--- DATA PROVIDED Enclosed Below ---
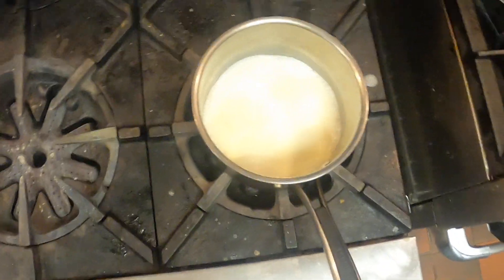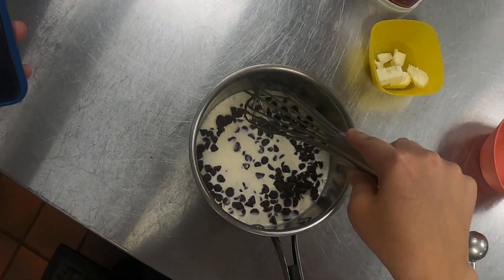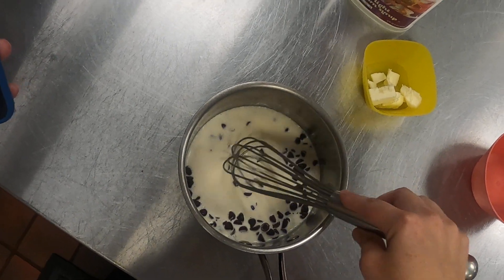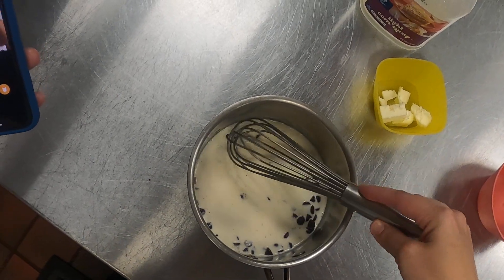I've got a good simmer here, turn off the heat. I'm going to dump my chocolate chips in and give these a minute to sit in here and melt before I move them around too much. I want to kind of contain that heat and get these chips as melted as possible, and then I'm going to add my other ingredients.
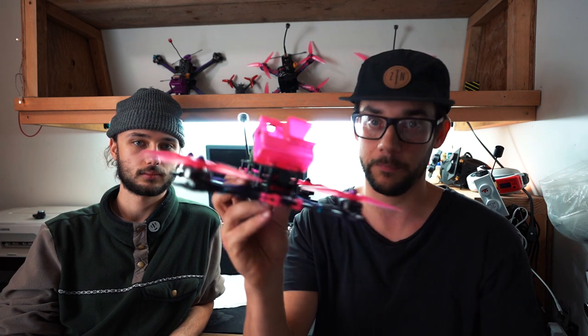Welcome to FPV, I'm Max, this is Akayla, and this is our brand new channel all about building custom FPV quads.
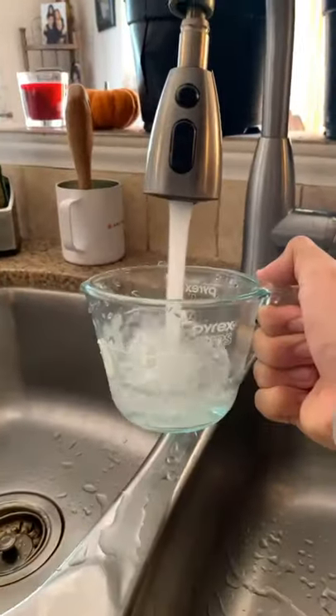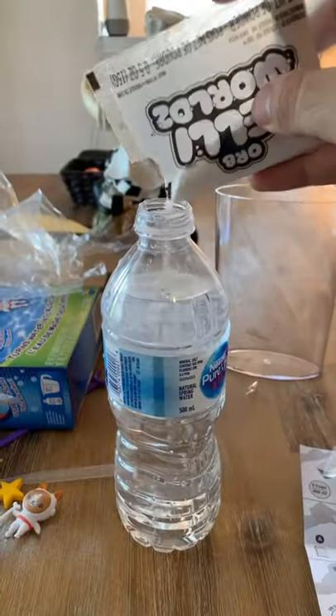The first step was to measure two cups of water, add it into a water bottle, then add the magic powder into the water bottle, shake it until it kind of looks clear, and at this point the baby lion's looking at me like, what in the world are you doing?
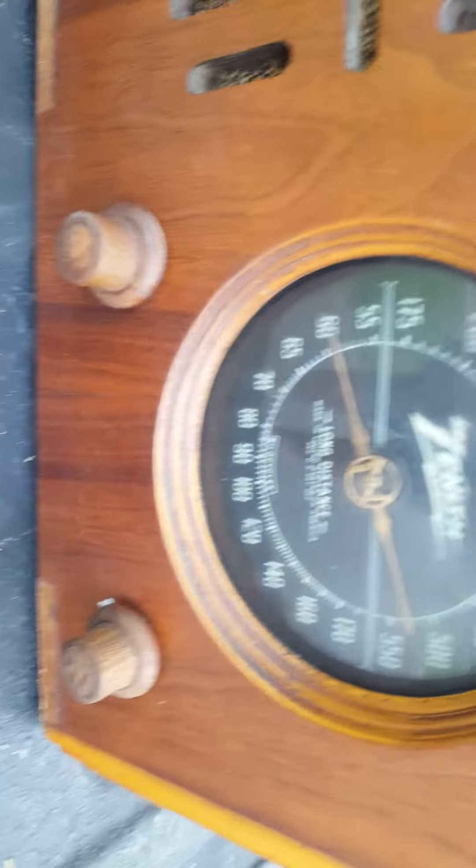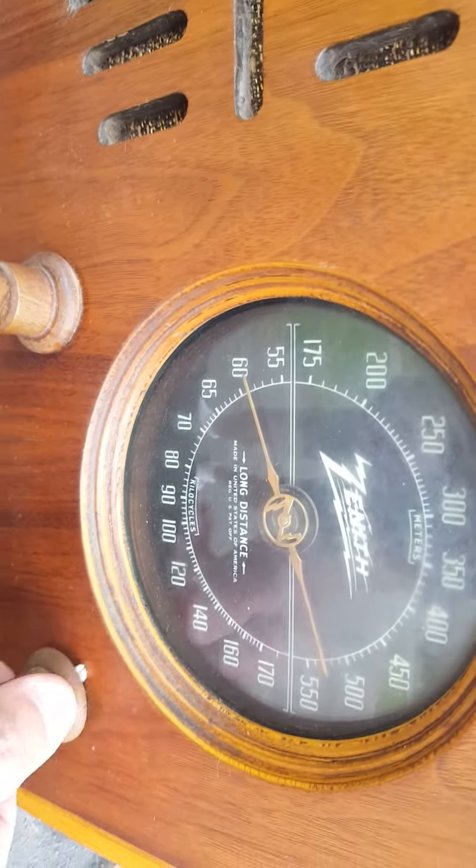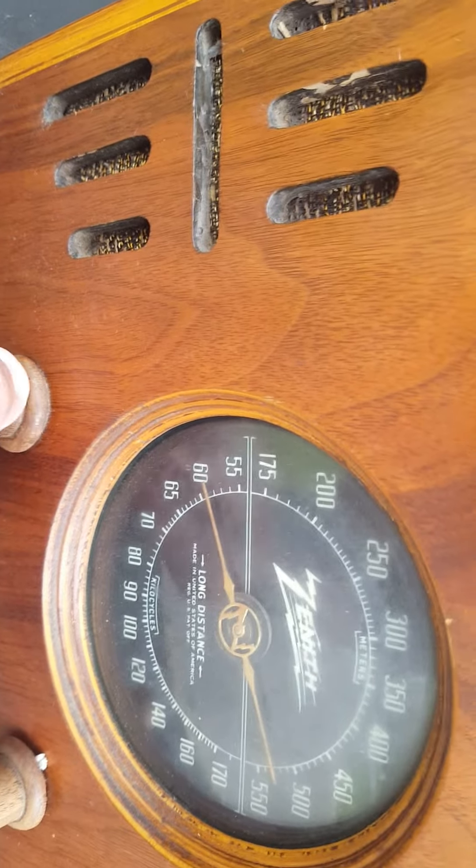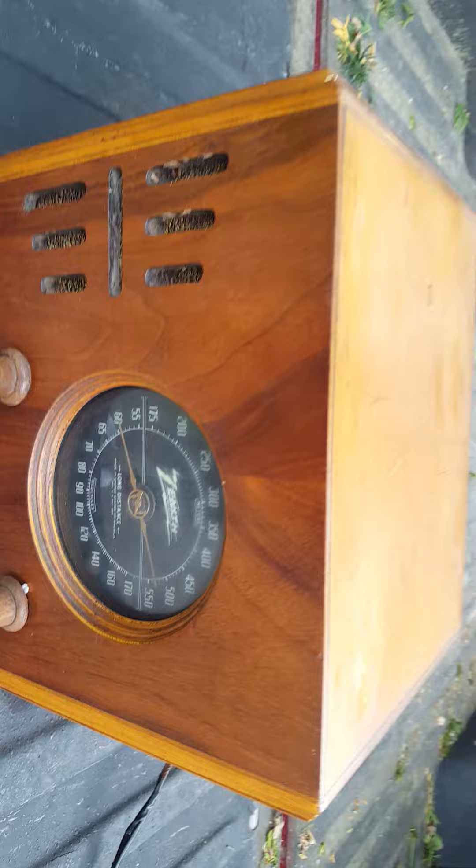One thing about this is I don't think the tuning station will turn. I kind of turned this but the tuning knob won't turn. What I was able to do is adjust it and get at least one station.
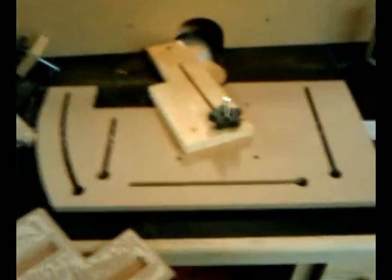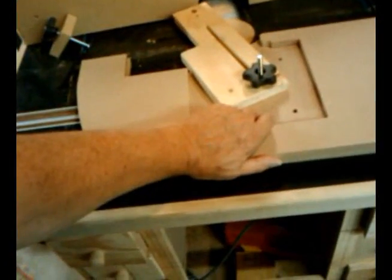This is the assembly. That's the bottom, that's the top. The top is partially clamped down — I've got the glue on the bottom. Time to glue it.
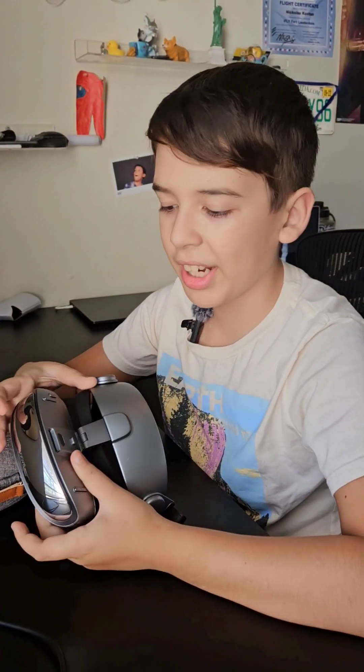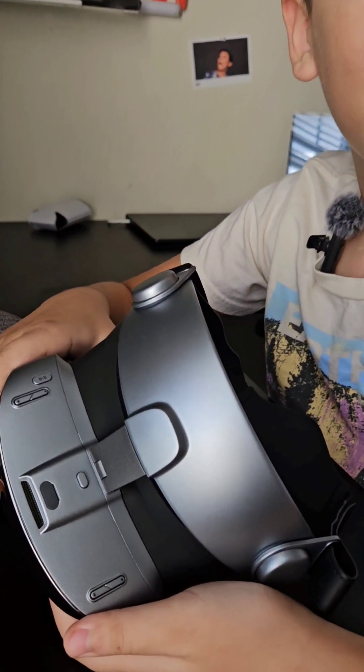Now what are the differences between this model and the old model? The newest model is a lot smaller. The front of it is like a mirror. The buttons are small and compact. The new version is lighter and slimmer.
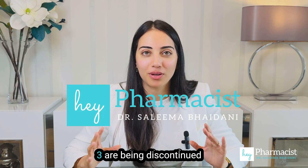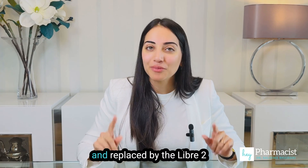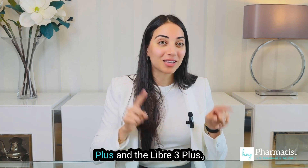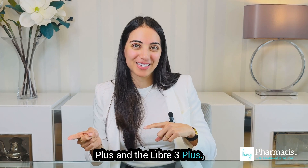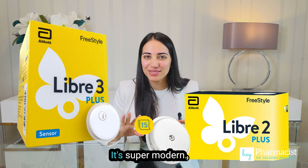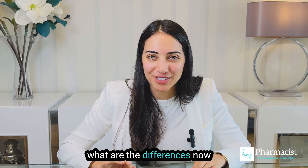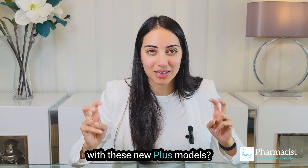The Libre 2 and the Libre 3 are being discontinued and replaced by the Libre 2 Plus and the Libre 3 Plus. Look at this new fancy packaging — I really like the branding, it's super modern. I'm all for it. What are the differences now with these new Plus models?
--- End of Enclosed DATA PROVIDED ---
WORK TO BE COMPLETED.
Transcribe all of the entries word for word, but skip any pictures they contain.

RESPONSE FOR THIS EXERCISE.
I've got a good simmer here, turn off the heat. I'm going to dump my chocolate chips in and give these a minute to sit in here and melt before I move them around too much. I want to kind of contain that heat and get these chips as melted as possible, and then I'm going to add my other ingredients.
Welcome to FPV, I'm Max, this is Akayla, and this is our brand new channel all about building custom FPV quads.
The first step was to measure two cups of water, add it into a water bottle, then add the magic powder into the water bottle, shake it until it kind of looks clear, and at this point the baby lion's looking at me like, what in the world are you doing?
One thing about this is I don't think the tuning station will turn. I kind of turned this but the tuning knob won't turn. What I was able to do is adjust it and get at least one station.
This is the assembly. That's the bottom, that's the top. The top is partially clamped down — I've got the glue on the bottom. Time to glue it.
Now what are the differences between this model and the old model? The newest model is a lot smaller. The front of it is like a mirror. The buttons are small and compact. The new version is lighter and slimmer.
The Libre 2 and the Libre 3 are being discontinued and replaced by the Libre 2 Plus and the Libre 3 Plus. Look at this new fancy packaging — I really like the branding, it's super modern. I'm all for it. What are the differences now with these new Plus models?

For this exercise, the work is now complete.